Rachel Bratescu, MD. George Washington University (Washington, D.C.): Changes in reimbursement models and insurance policies are certainly affecting the types of practices that surgeons are considering. The model of pure private practice is becoming less common, being largely driven by its known financial challenges, including inflation, rising costs (i.e. overhead and staffing), and declining reimbursements. Medicare reimbursement for spine procedures has been steadily decreasing over the last 15 to 20 years, which is relevant in the context of our growing aging population. If these trends in reimbursement continue, fewer surgeons may choose to accept these patients, all while the demand for care is projected to increase.

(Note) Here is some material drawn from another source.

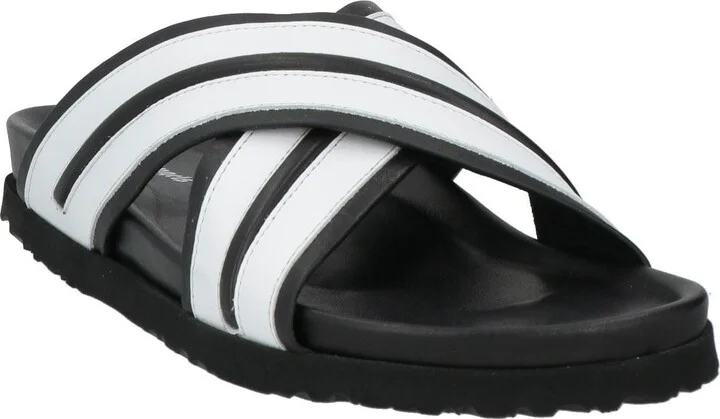 Palm Angels Man Sandals - Image 4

In this context, some private practices are turning to alternative sources of income, such as ancillaries or leaning on private equity. The questions of both sustainability and maintenance of autonomy have been raised with the introduction of outside investors and it will take time to see how this plays out for smaller private practices and non-hospital employed surgeons.
Brian Gantwerker, MD. The Craniospinal Center of Los Angeles: Spine practices remain viable so long as there is a path outside of current payer policies. It has become evident, based on the over 70% employment rate of physicians, that physician reimbursements are not driving the cost of care. In other words, when a payer raises their premiums, it is not for the increased cost of care they so loudly protest. Even with them losing over 75% of the IDR portal decisions in favor of the physicians, and now calling foul that they actually have to pay for care rendered, they still post billions of dollars in profits. Hospital systems are also driving up the cost of care with vertical integration and rampant consolidation. There is, however, a niche for spine practices to survive and thrive outside of this battle of the Gargantuas. After all, who will the two of them blame for high healthcare costs when there is just them? I would certainly like to grab some popcorn for that one.

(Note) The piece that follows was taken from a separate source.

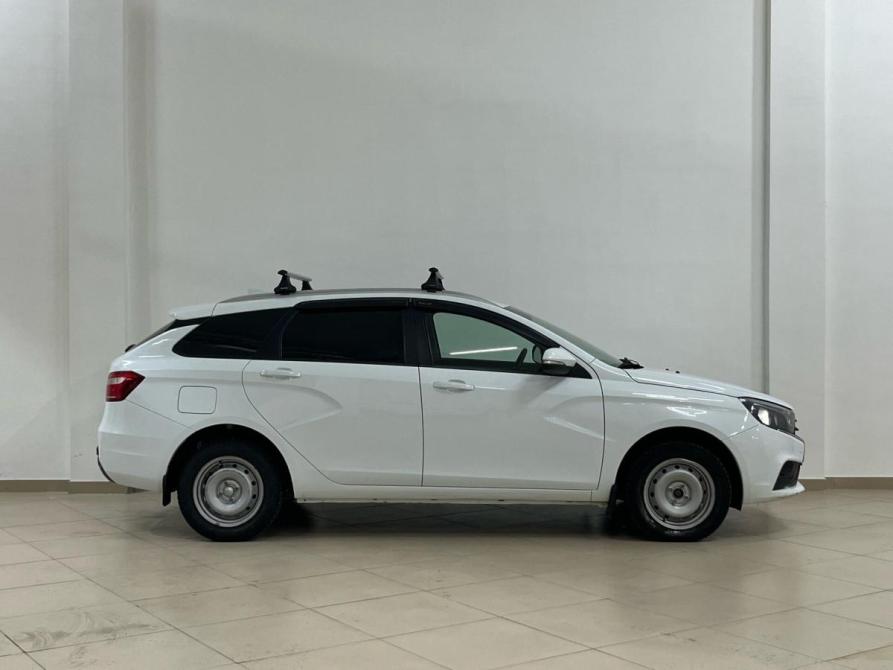 Lada (ВАЗ) Vesta I Екатеринбург  - изображение 5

Vladimir Sinkov, MD. Sinkov Spine (Las Vegas): The reimbursement for physician services has been either decreasing or not keeping up with inflation. The insurances are also coming up with more models that shift the financial risk to physicians or patients. All of this negatively impacts the financial stability and viability of spine practices. As a result, it drives more spine surgeons to consolidate into larger practices or become employed by a large organization (such as a hospital system or an insurance company) that could absorb such risk. Consolidation will lead to less competition, less access to care and higher prices.

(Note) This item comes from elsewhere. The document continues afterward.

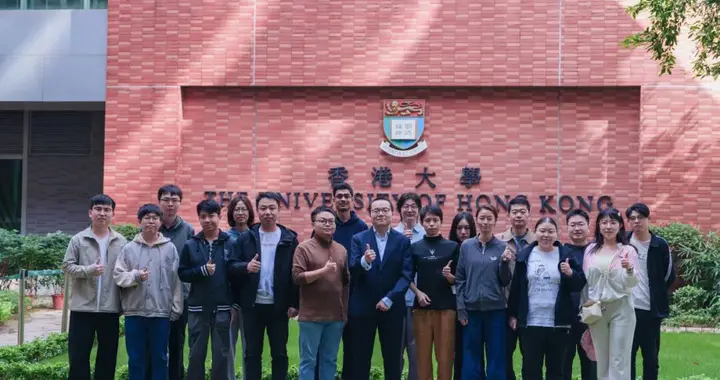 港大团队首创静电捕获术，实现纳米金刚石晶圆级规模化集成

Vijay Yanamadala, MD. Hartford (Conn.) HealthCare: The prior authorization process has become more and more arduous. We can clearly see a difference in the pre-COVID vs. post-COVID era in terms of the number of denials we are getting for similar procedures. Unfortunately, the prior authorization process is not achieving its purpose — preventing unnecessary interventions. Instead, it is simply creating more and more difficult barriers even for patients who urgently need surgery. We need to work together to ultimately come up with a better process that truly gets every patient the right care that they need.
Christian Zimmerman, MD. St. Alphonsus Medical Group and SAHS Neuroscience Institute (Boise, Idaho): It is a well acknowledged fact that nearly all health systems and hospitals have 50% of their inpatient days paid for by Medicare and Medicaid, and that reliance on this number forebode solvency and survivability. Because of the fixed nature of these payments, hospitals are unable to fully absorb the tremendous inflationary forces the healthcare system is currently facing. As a significant number of complex spinal procedures depend on inpatient recovery methods, financials and dwindling reimbursements remain omnipresent and the past expectations of non-negotiables dawdle. Larger health systems compulsorily care for the more informed and disadvantaged, making prospective viabilities and investiture more difficult and almost impossible as more physician ownership dot the landscape and minimally contribute to commonality and populace.